(Saved entries)
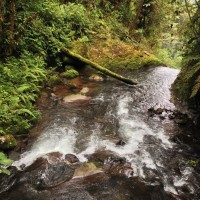 7 52 34 Costa Rica iPhoneOver the Falls©JamesECockroft 20130822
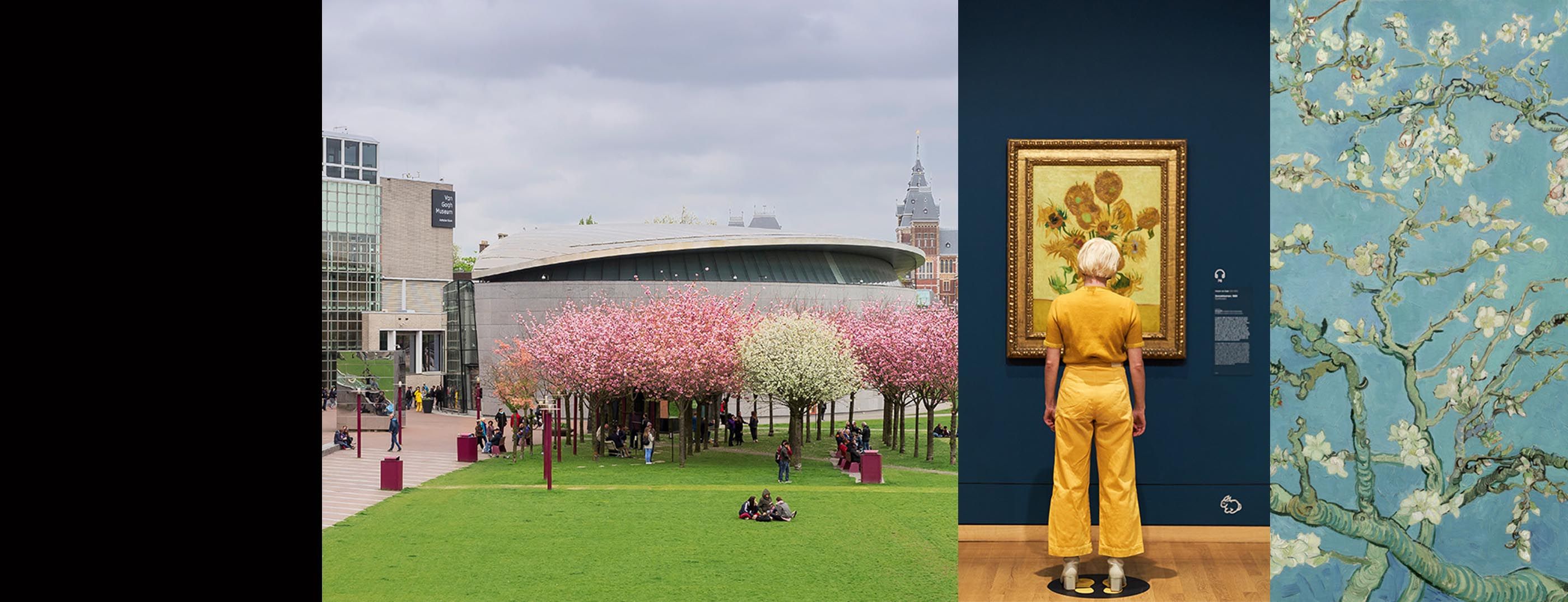 van gogh banner 2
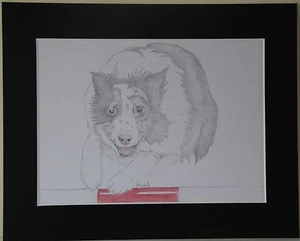 Border Collie Agilidad y Flyball. Dibujos e impresiones originales múltiples diseños - Imagen 1 de 12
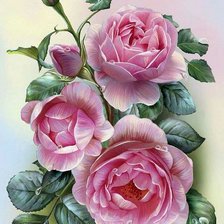 Схема вышивки «розы»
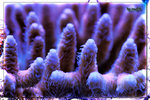 PNG0175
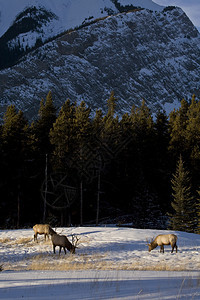 加拿大艾伯塔省Banff附近的冬季野鹿图片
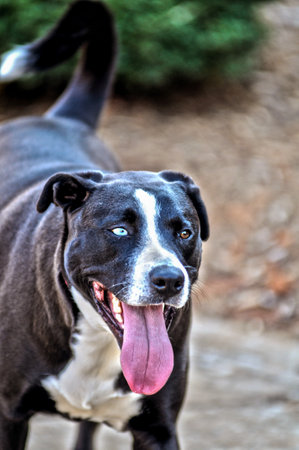 An adorable black American Staffordshire terrier dog with heterochromia playing in the parkの写真素材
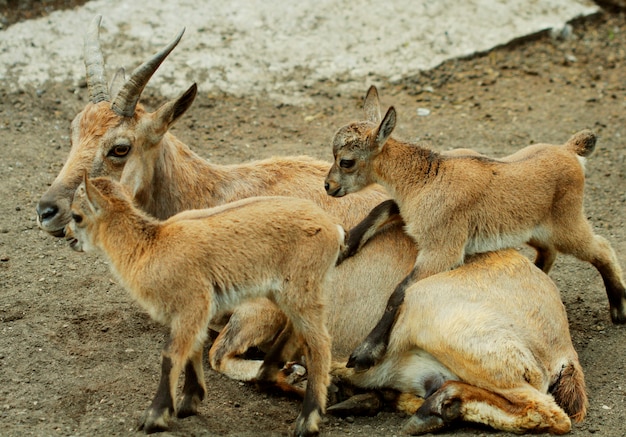 Bergziegenfamilie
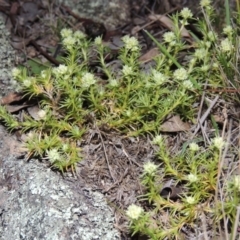 Scleranthus diander (Many-flowered Knawel) at Conder, ACT - 21 Aug 2014 by michaelb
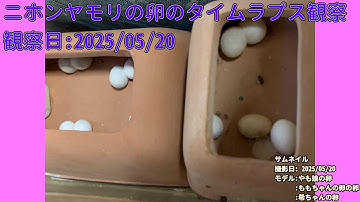 【Memorandum】 2025年05月20日 RPi-Cam-Web-Interfaceを用いたニホンヤモリの卵のTimelapse観察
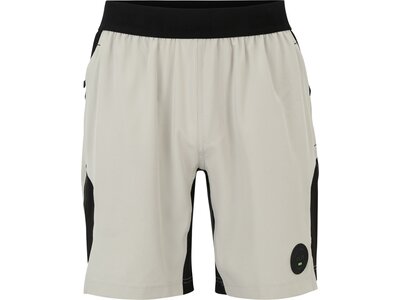 CLN ATHLETICS Herren Shorts Shorts Energy Silber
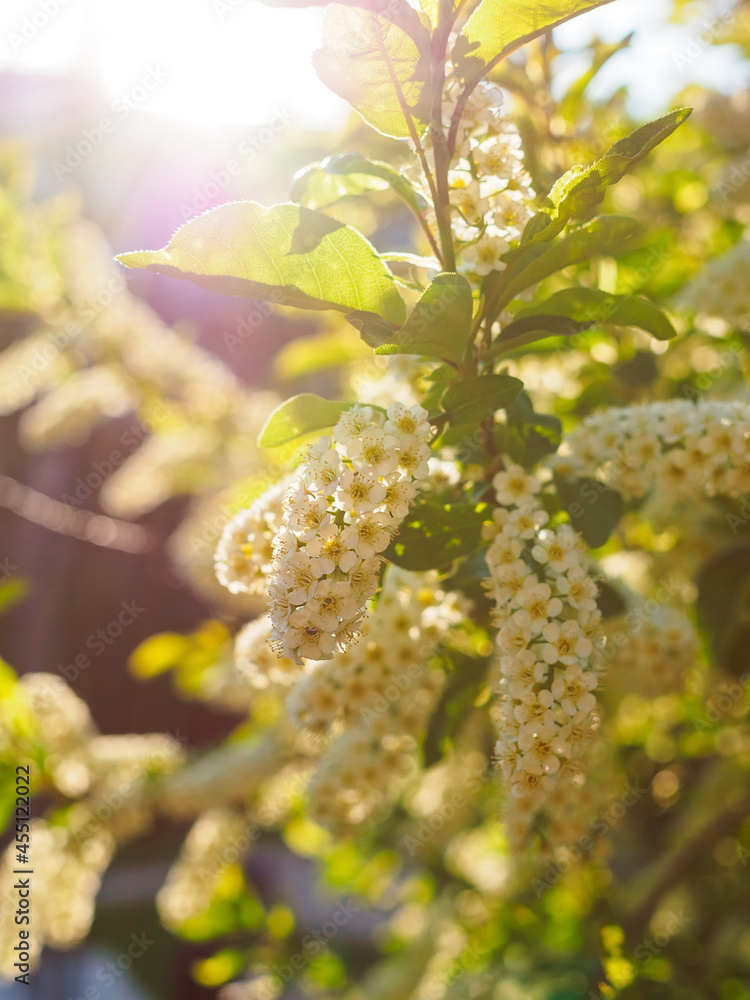 close-up of a branch of a white bird cherry in the backlight of the sun in the park in spring close-up of a branch of a white bird cherry in the backlight of the sun in the park in spring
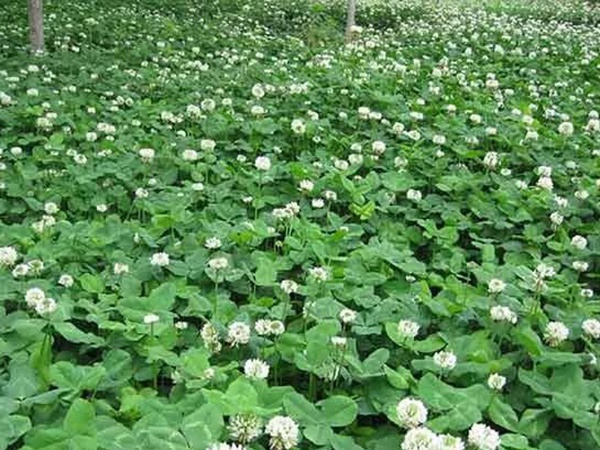 種植白三葉，不但可以綠化環(huán)境，而且改善空氣質(zhì)量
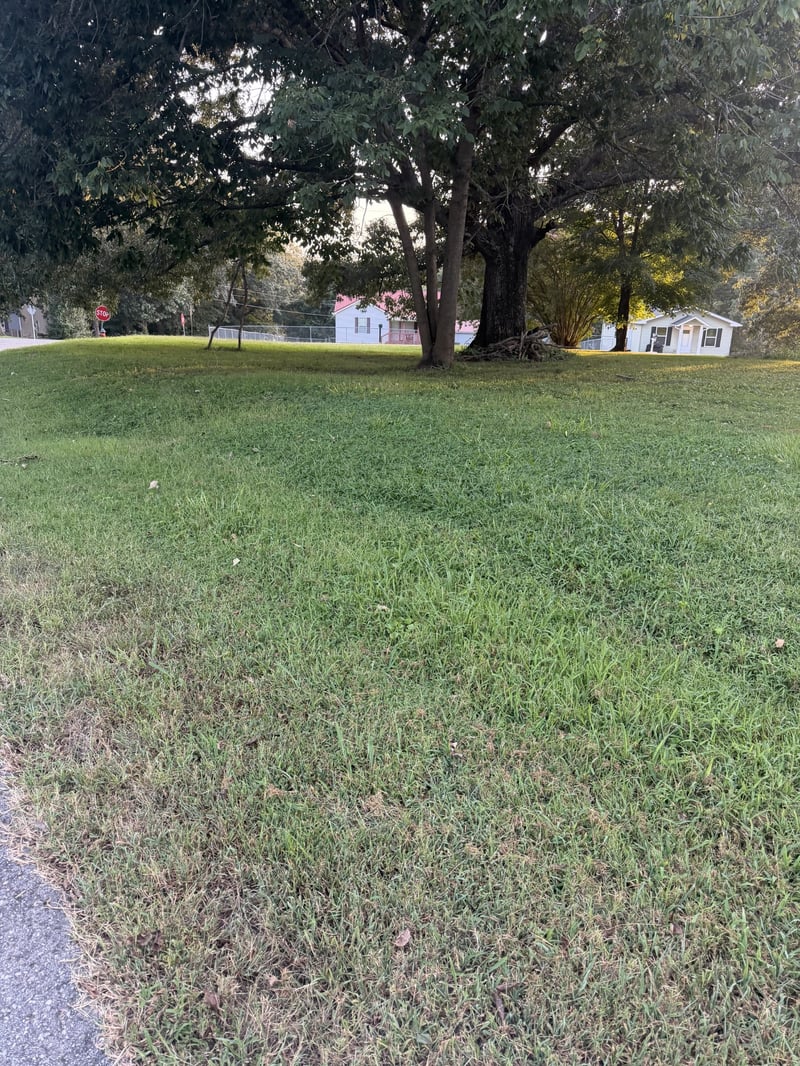 105 Valley View St, Ashland City, TN 37015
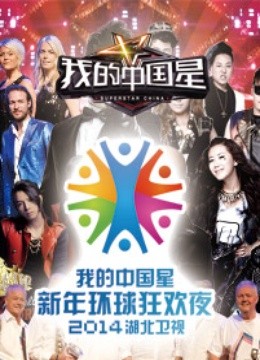 湖北2014跨年晚会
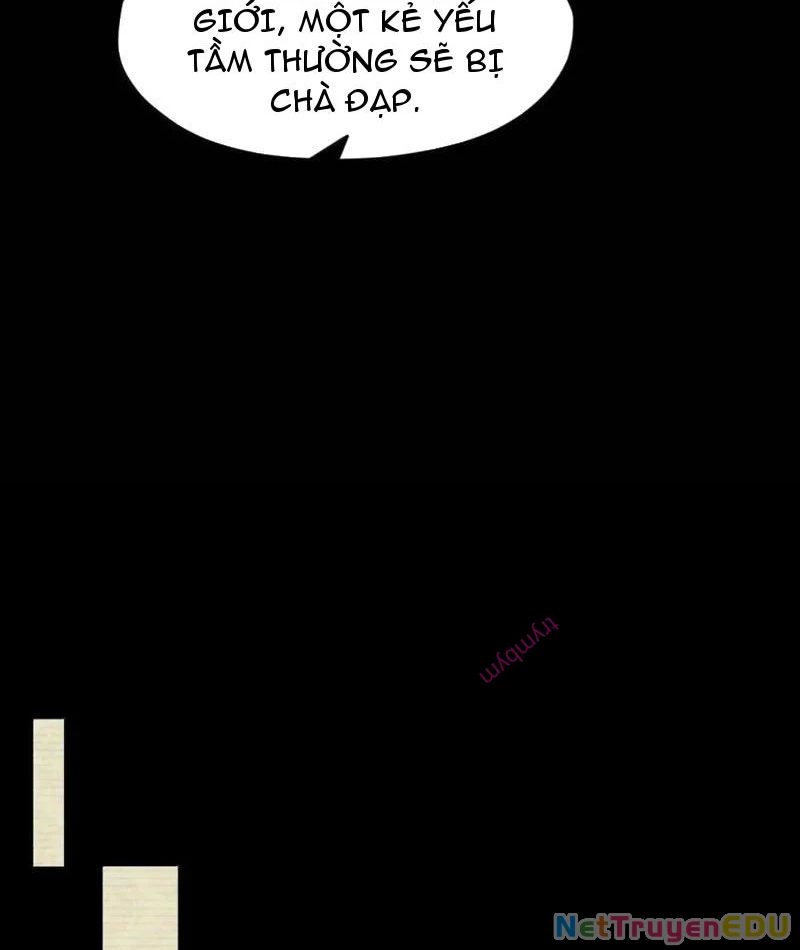 Từ đáy xã hội quật khởi Chapter 50 - 10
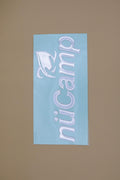 NetSuite File ID 900699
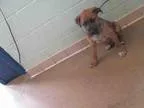 Adopt DASH a Boxer  Mixed dog in Tulsa OK (15255290)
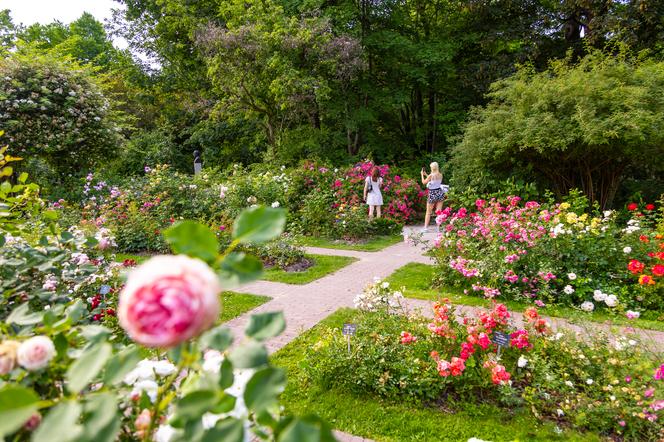 7 najładniejszych ogrodów botanicznych w Polsce. Kiedy je odwiedzić i gdzie są?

→ **TASK BRIEF**
Every record should come back exactly as it is, though none of the pictures should.

→ **SOLUTION BELOW**
 7 52 34 Costa Rica iPhoneOver the Falls©JamesECockroft 20130822
 van gogh banner 2
 Border Collie Agilidad y Flyball. Dibujos e impresiones originales múltiples diseños - Imagen 1 de 12
 Схема вышивки «розы»
 PNG0175
 加拿大艾伯塔省Banff附近的冬季野鹿图片
 An adorable black American Staffordshire terrier dog with heterochromia playing in the parkの写真素材
 Bergziegenfamilie
 Scleranthus diander (Many-flowered Knawel) at Conder, ACT - 21 Aug 2014 by michaelb
 【Memorandum】 2025年05月20日 RPi-Cam-Web-Interfaceを用いたニホンヤモリの卵のTimelapse観察
 CLN ATHLETICS Herren Shorts Shorts Energy Silber
 close-up of a branch of a white bird cherry in the backlight of the sun in the park in spring close-up of a branch of a white bird cherry in the backlight of the sun in the park in spring
 種植白三葉，不但可以綠化環(huán)境，而且改善空氣質(zhì)量
 105 Valley View St, Ashland City, TN 37015
 湖北2014跨年晚会
 Từ đáy xã hội quật khởi Chapter 50 - 10
 NetSuite File ID 900699
 Adopt DASH a Boxer  Mixed dog in Tulsa OK (15255290)
 7 najładniejszych ogrodów botanicznych w Polsce. Kiedy je odwiedzić i gdzie są?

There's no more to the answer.